Le cœur du malaise : quand le premier adjoint est juge et partie.
Mais au-delà du délit initial, c’est le traitement judiciaire de l’affaire qui interpelle. En décembre 2022, le conseil municipal, informé par le procureur des agissements de son maire, a dû se constituer partie civile pour défendre les intérêts de la commune. Logiquement, c’est le premier adjoint, Hugo Avinin, président de la commission des finances, qui a été désigné pour ce rôle.
Or, c’est ce même Hugo Avinin qui, selon le jugement, avait présidé la commission des finances et mandaté les subventions illégales en 2019. Le paradoxe est saisissant : l’homme qui a validé les faits reprochés est celui qui est chargé de défendre la victime, la commune, contre leur auteur présumé.
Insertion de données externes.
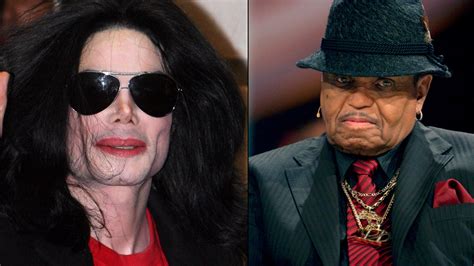 Rare Michael Jackson Phone Call Leaked As Singer Says His Dad Would Strip Him Naked And Oil Him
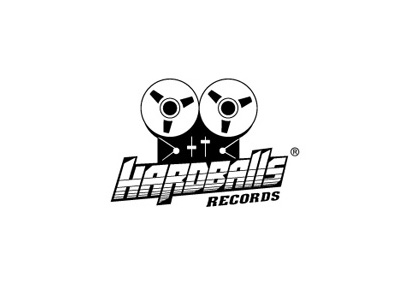 HardBalls Records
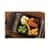 PCTDC109310B000 Image Thumbnail 2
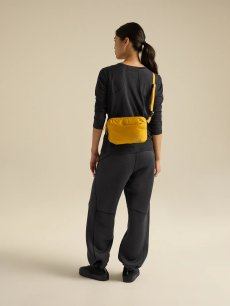 画像21: Arc'teryx アークテリクス ヒリアド クロスボディ バッグ (X000010359) (21)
Une défense à minima qui pose question
La suite est tout aussi troublante. Alors que l’enquête et les documents découverts évaluent le préjudice subi par la commune à près de 300 000 euros (comprenant des achats de véhicules, des réparations abusives et d’autres avantages), la défense menée par le premier adjoint n’a demandé à la justice que 30 000 euros de réparation, soit seulement 10% du montant estimé. Le tribunal a suivi cette requête, laissant la commune lésée.
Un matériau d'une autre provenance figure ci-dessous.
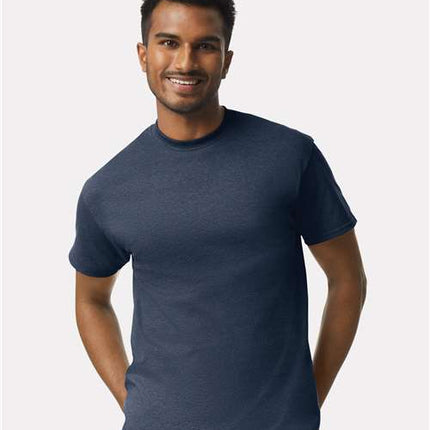 Gildan Men's Ultra Cotton® T-Shirt - 2000
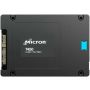 Micron 7450 PRO - SSD - 7.68 TB - interní - 2.5 - U.3 PCIe 4.0 (NVMe) (MTFDKCC7T6TFR-1BC1ZABYYR) thumbnail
Cette stratégie minimaliste, couplée au fait que le conseil municipal a, le même jour, voté 23 000 euros pour la défense personnelle du maire Félix Ismain contre seulement 5 000 euros pour celle de la commune, dessine le portrait d’une majorité municipale plus soucieuse de protéger son chef que les deniers publics.
Bellefontaine, un symbole parmi d’autres ?
Ce procès en appel est donc bien plus qu’une simple confirmation de peine. Il est l’occasion de mettre en lumière les mécanismes d’un système où les frontières entre l’intérêt général, l’intérêt du parti et l’intérêt personnel semblent s’effacer. Comment un élu, lui-même impliqué dans les faits, peut-il impartialement représenter la collectivité lésée ? La défense de la commune a-t-elle été sacrifiée sur l’autel de la loyauté politique ?
Alors que les affaires de Saint-Joseph, Fort-de-France ou du SMTVD défrayent également la chronique judiciaire, le cas de Bellefontaine nous rappelle que la question de la probité ne se limite pas toujours à un seul individu. Elle interroge aussi les silences et les complicités qui, en coulisses, permettent à ces dérives de prospérer. Le délibéré de la cour d’appel, attendu avec attention, dira si la justice décide de regarder cette réalité en face.